# Living in Singapore



## maneeratc_apac (Jun 7, 2008)

Hi everyone! My name is Maneerat. I am exploring the opportunity with one company where I can choose to work either in Singapore or Shianghai. As of now I have insufficient information to make my decision. 

I used to work in Singapore for 4 months but it was the temporary project before I came back to work in Bangkok. The accommodation was provided by the company. 

My current situation is different as I will be hired for Singapore office. So that I will cover all expenses by myself. That's why I need your suggestion. The office is on Orchard road. I would not like to spend more than 30 minutes on the road to go to work. Where should I stay or any source of information I can access to know the rental rate? 

I cannot see the forum for expat living in Shianghai. I also need the information on how to live there.
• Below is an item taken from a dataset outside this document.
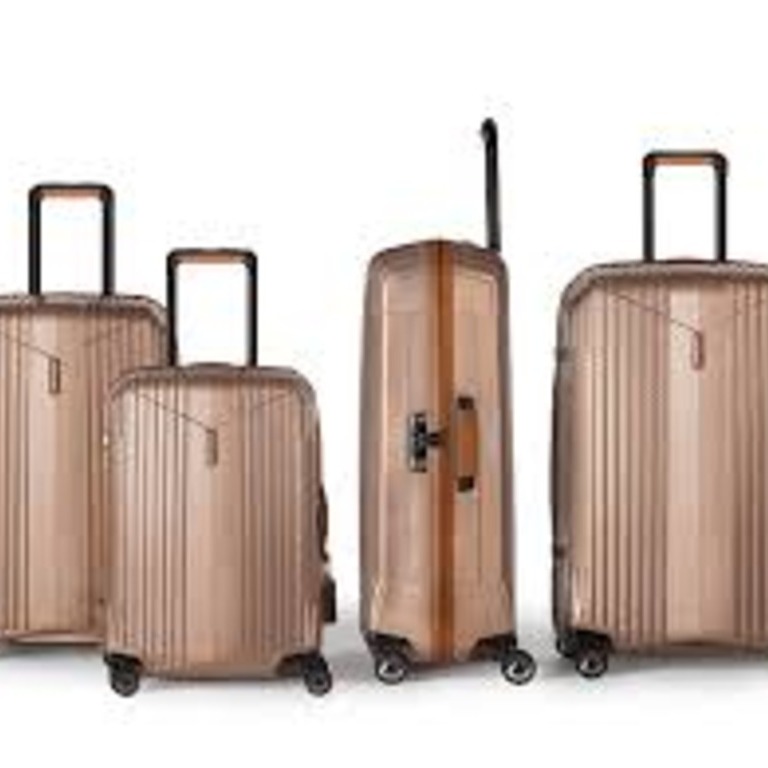 Hartmann Suitcases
I appreciate if you provide some information or source. 

Thank you!

Maneerat


----------



## synthia (Apr 18, 2007)

Welcome to the forum. You can post questions about Shanghai in the Other Countries section.
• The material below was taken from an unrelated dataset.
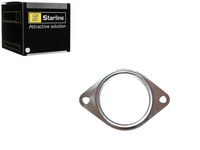 фото thumb №1, Прокладка глушника renault kangoo 1.2 03 98 starline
First, ask your employer if they have information about living in each place.

Certainly, in Singapore, the housing costs are significant. You mention being 'on the road' for more than half an hour. If you are going to work in Orchard Road, driving will be expensive. In addition to parking, you will have to pay a congestion fee every day for driving in the center city.

Whether you will be able to live close enough to keep your commute at one hour will be a function of your income.


----------



## ini_niki (Aug 11, 2008)

You'd be better off catching the subway (MRT) ... it's really cheap and fast. Unless you're earning huge bucks in Sing  

As for Shanghai ... it's much, much cheaper to live there ... but the public transport if mainly taxis ... although it's also much cheaper to buy / lease a car and cheaper to park etc. 

Singapore is basically like living in a first world nation ... everything is great -- health, food, schools, transport, shopping etc. 

Shanghai is more like a developing nation. Don't get me wrong ... if you've got the money to spend then you can buy the best of health, food, schools, transport, shopping etc ... but if you're on an average wage / lower wage then you're more likely to live like the locals. 

If you want adventure and the opportunity to maybe make a killing in development / business etc then Shanghai is the place ... 

If you're looking for an easy life and have a young family then I'd go to Singapore  

Cheers


----------



## anthonyjeremiel (Oct 13, 2008)

I totally agree with ini_niki.

Shanghai is a city that's still pretty much developing.

Singapore is more like a developed country.

So it really depends on what you want essentially.


----------